### What this task involves
Among the entries below, please show each line that carries the word "with".

[Source records]
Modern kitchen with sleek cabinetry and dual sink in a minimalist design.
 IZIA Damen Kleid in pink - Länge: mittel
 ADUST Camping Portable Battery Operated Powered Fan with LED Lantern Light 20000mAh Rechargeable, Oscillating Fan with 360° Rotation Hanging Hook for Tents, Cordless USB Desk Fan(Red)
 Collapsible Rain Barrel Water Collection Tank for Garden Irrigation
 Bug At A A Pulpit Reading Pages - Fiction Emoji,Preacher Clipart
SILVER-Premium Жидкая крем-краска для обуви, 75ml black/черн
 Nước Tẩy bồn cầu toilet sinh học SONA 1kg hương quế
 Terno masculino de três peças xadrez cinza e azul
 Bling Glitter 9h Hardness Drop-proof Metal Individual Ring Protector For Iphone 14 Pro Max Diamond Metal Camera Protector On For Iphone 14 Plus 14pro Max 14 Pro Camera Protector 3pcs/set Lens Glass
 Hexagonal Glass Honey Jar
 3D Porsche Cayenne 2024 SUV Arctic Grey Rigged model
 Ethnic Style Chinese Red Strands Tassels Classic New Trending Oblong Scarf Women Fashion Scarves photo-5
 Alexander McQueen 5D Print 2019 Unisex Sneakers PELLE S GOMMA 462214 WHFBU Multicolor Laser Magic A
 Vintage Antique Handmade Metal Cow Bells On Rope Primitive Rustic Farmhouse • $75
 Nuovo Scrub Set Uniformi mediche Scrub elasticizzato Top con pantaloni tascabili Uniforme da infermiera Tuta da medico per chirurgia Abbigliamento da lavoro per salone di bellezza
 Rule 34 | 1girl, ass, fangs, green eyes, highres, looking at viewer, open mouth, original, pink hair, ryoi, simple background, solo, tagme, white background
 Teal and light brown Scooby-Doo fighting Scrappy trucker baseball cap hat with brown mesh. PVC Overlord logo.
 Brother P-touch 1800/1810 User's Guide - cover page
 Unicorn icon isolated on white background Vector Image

### Answer section
Modern kitchen with sleek cabinetry and dual sink in a minimalist design.
 ADUST Camping Portable Battery Operated Powered Fan with LED Lantern Light 20000mAh Rechargeable, Oscillating Fan with 360° Rotation Hanging Hook for Tents, Cordless USB Desk Fan(Red)
 Teal and light brown Scooby-Doo fighting Scrappy trucker baseball cap hat with brown mesh. PVC Overlord logo.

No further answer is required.